*** Input ***

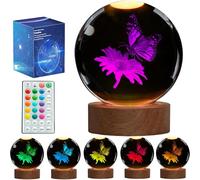 POSSHE K9 - Lampada notturna in cristallo a forma di farfalla, 80 mm, con telecomando in 16 colori, ideale come regalo per donne, mogli, fidanzate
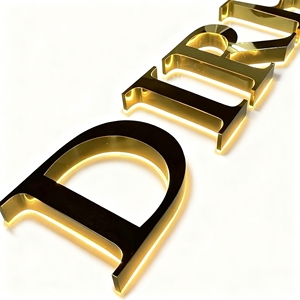 Chất Lượng Cao Tùy Chỉnh Dấu Hiệu Vàng Thép Không Gỉ Chiếu Sáng Kim Loại Gương <span class=keywords><strong>LED</strong></span> Dấu Hiệu Laser Cắt Kim Loại Đánh Bóng Backlit Thư Dấu Hiệu - Product Image 5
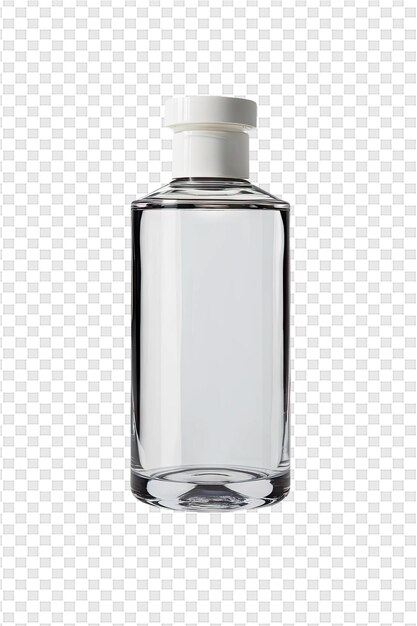 PSD een fles mondwater met een heldere dop op een witte achtergrond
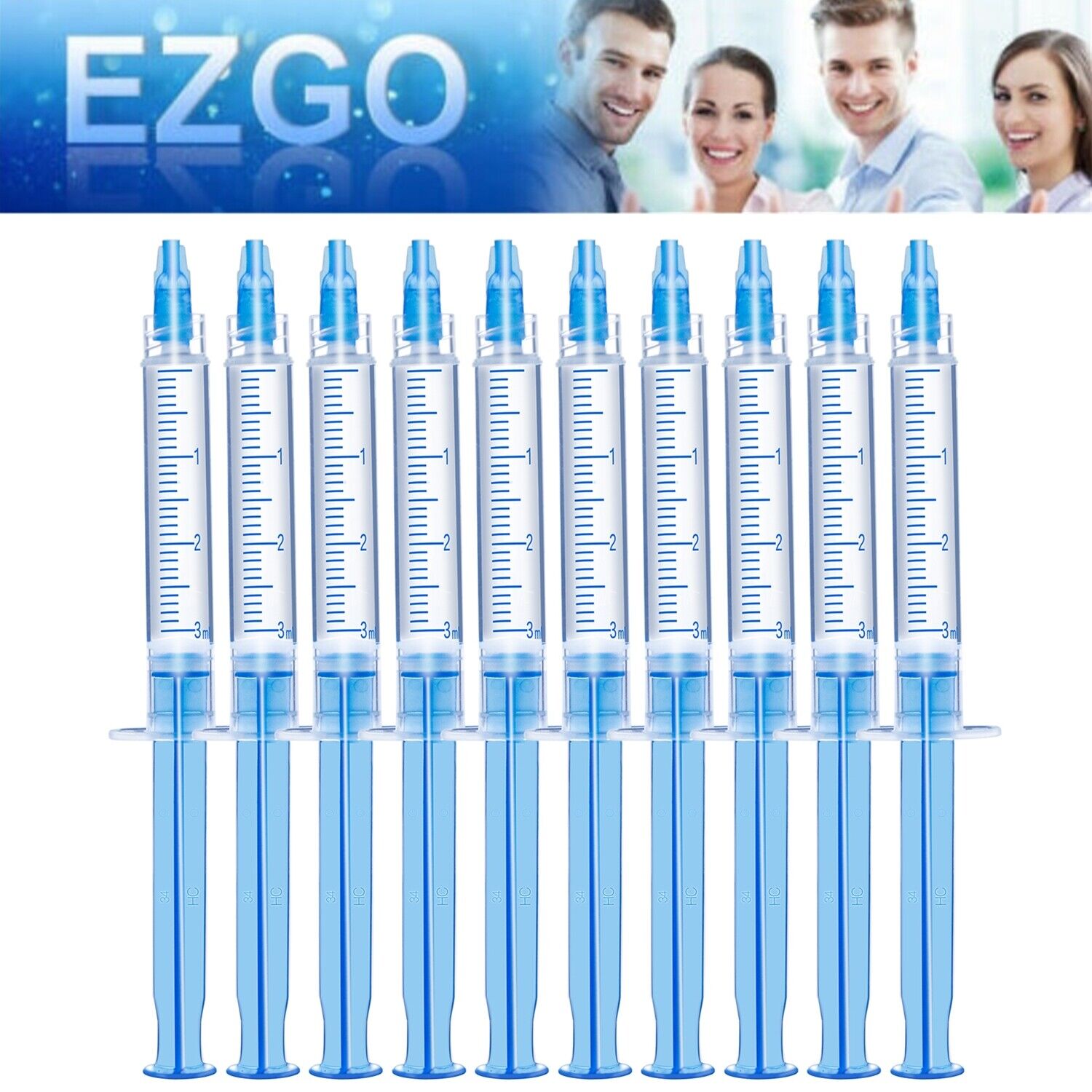 EZGO 10pc 3ml Teeth Whitening Gel Strong Tooth Bleaching for Dental Clinic FDA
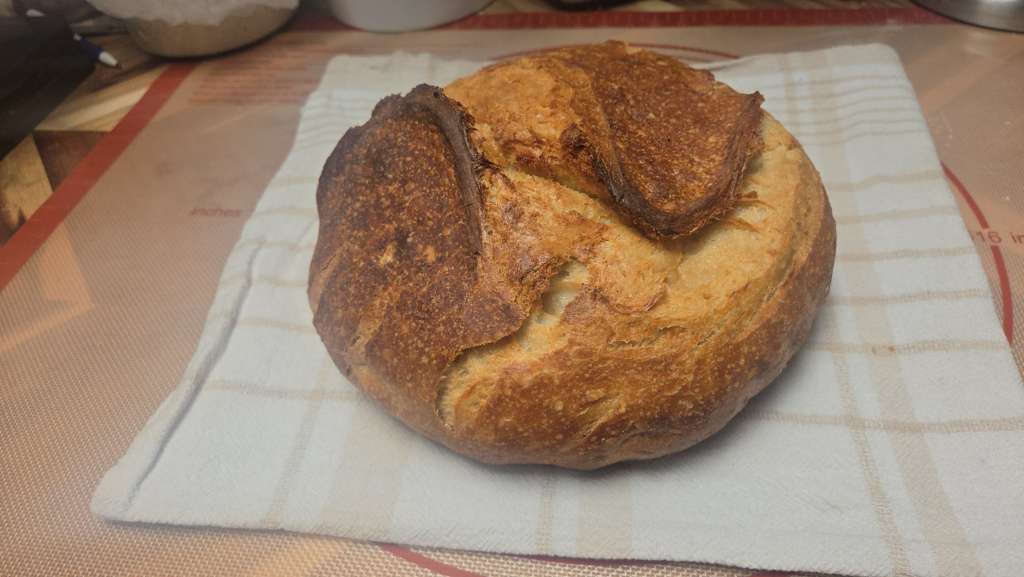 Rustic sourdough bread baked at 11 Kettle Farm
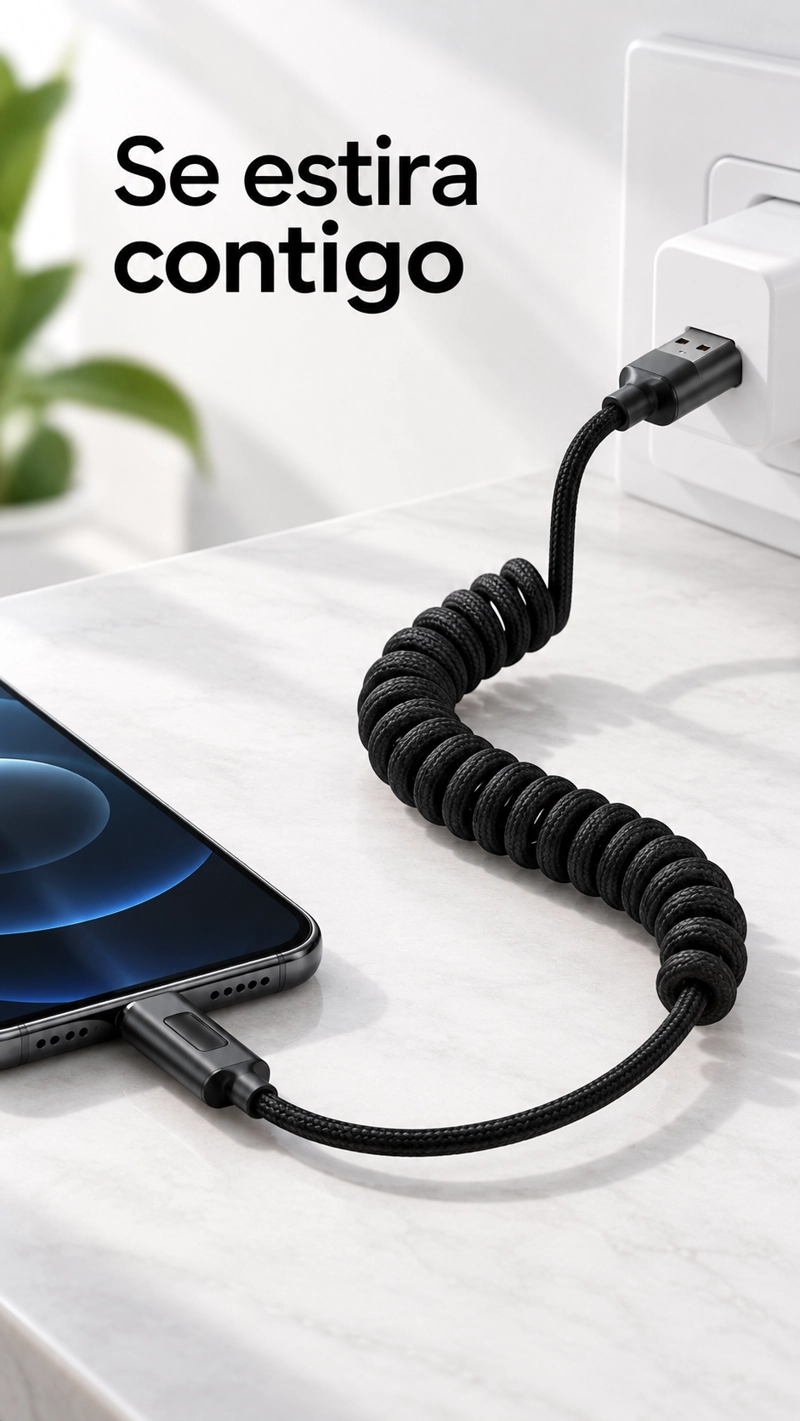 CABLE DE DATOS USB A C TIPO RESORTE - 3
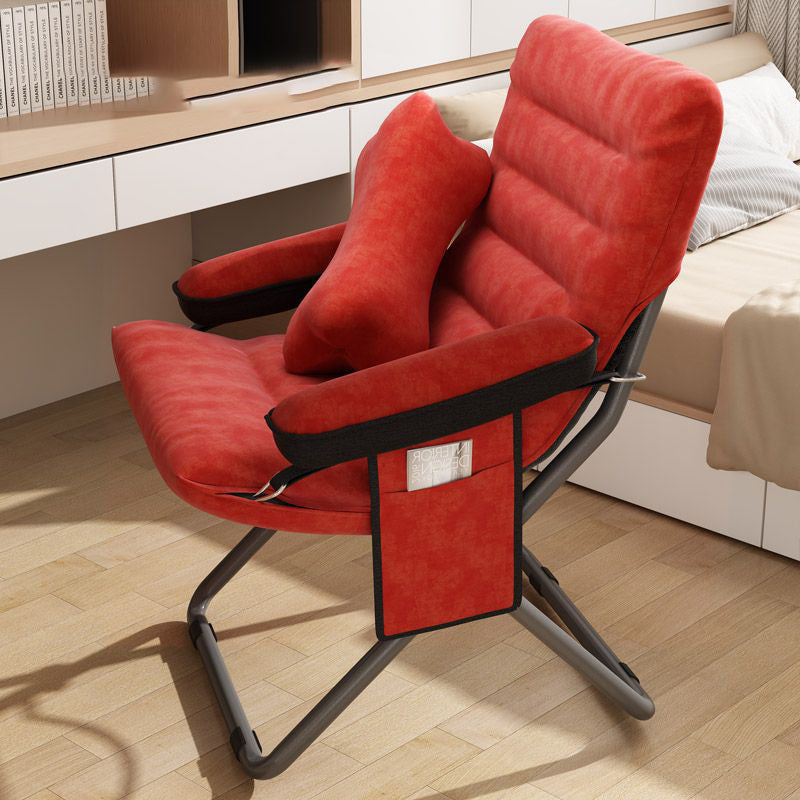 Contemporary Nordic Velvet Curved Cushion Recliner with Adjustable Backrest and Built-in Storage Bag – Perfect Living Room Chair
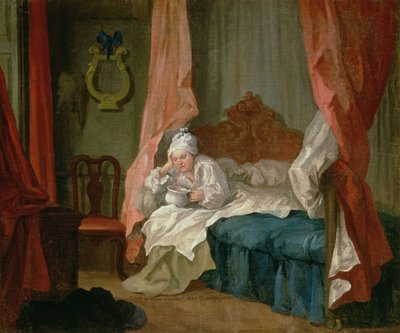 Francis Matthew Schutz en su cama, c.1755-60 de William Hogarth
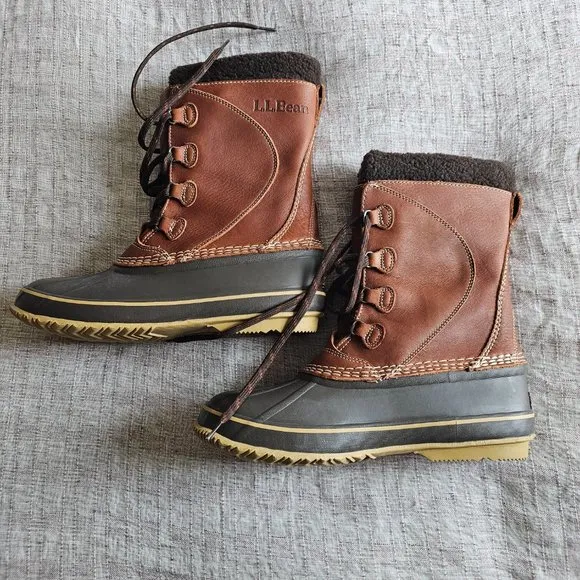NEW!! L.L.Bean Snow Duck Boots with Tumbled Leather, 11, Maple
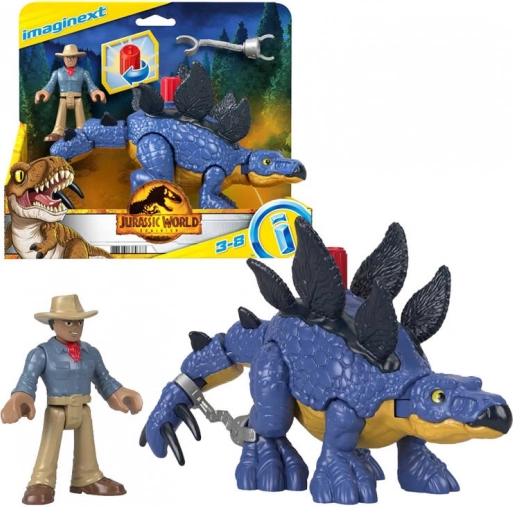 imaginext jurassic world stegosaurus og dr. grant – actionfigursæt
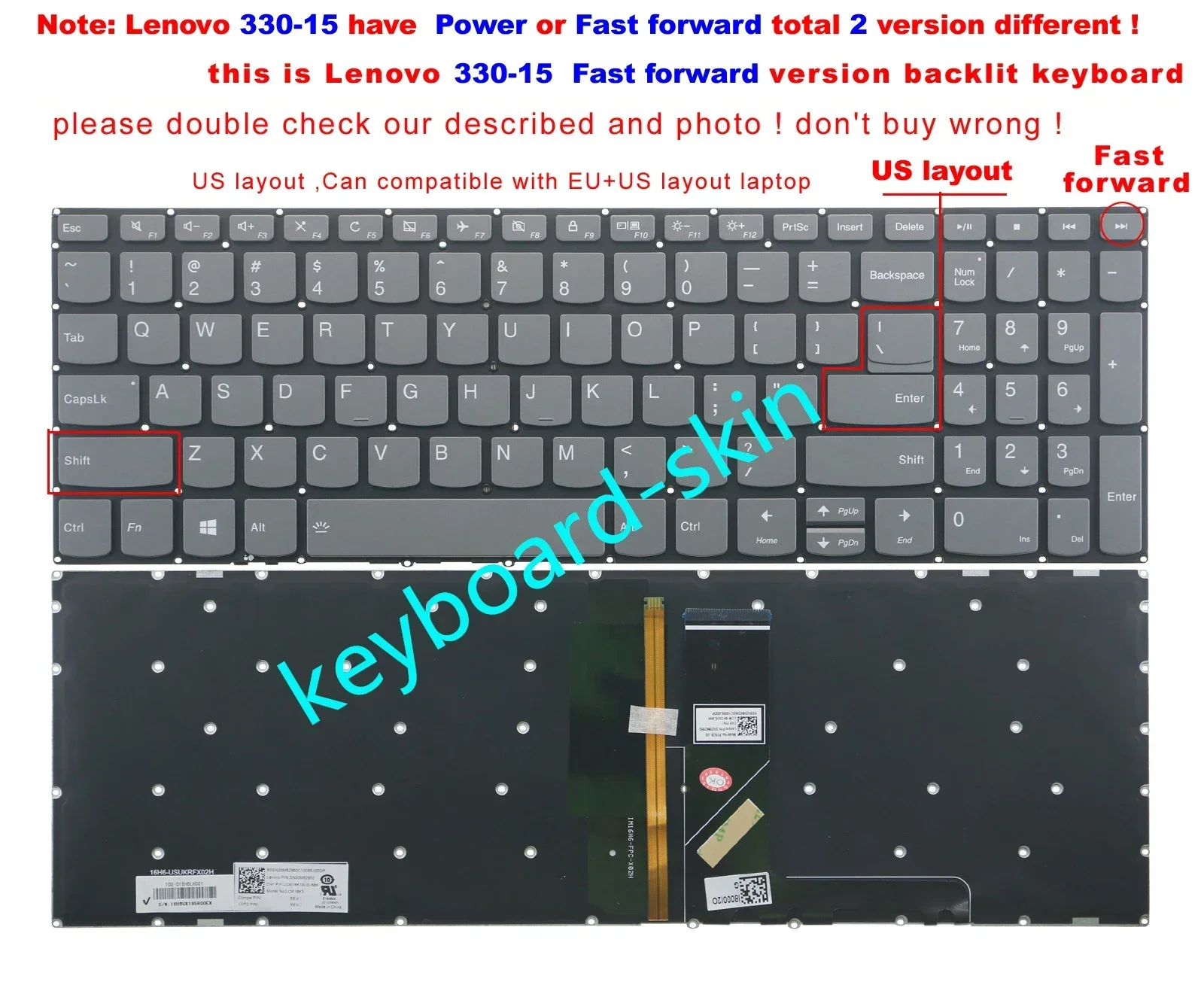 

Быстрая вперед новая клавиатура США с подсветкой для Lenovo 330-15ICH 330-15IGM 330-15ICN 330-15IKB 330-17AS 330-17IC 330-17IKB V330-15ISK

*** End of Input ***

◆ **Problem description**
Here the job is to copy the stretch of records from the line containing "Rustic sourdough bread" through the line containing "NEW!! L.L.Bean Snow", word for word. Leave every picture out.

◆ **Output**
 Rustic sourdough bread baked at 11 Kettle Farm
 CABLE DE DATOS USB A C TIPO RESORTE - 3
 Contemporary Nordic Velvet Curved Cushion Recliner with Adjustable Backrest and Built-in Storage Bag – Perfect Living Room Chair
 Francis Matthew Schutz en su cama, c.1755-60 de William Hogarth
NEW!! L.L.Bean Snow Duck Boots with Tumbled Leather, 11, Maple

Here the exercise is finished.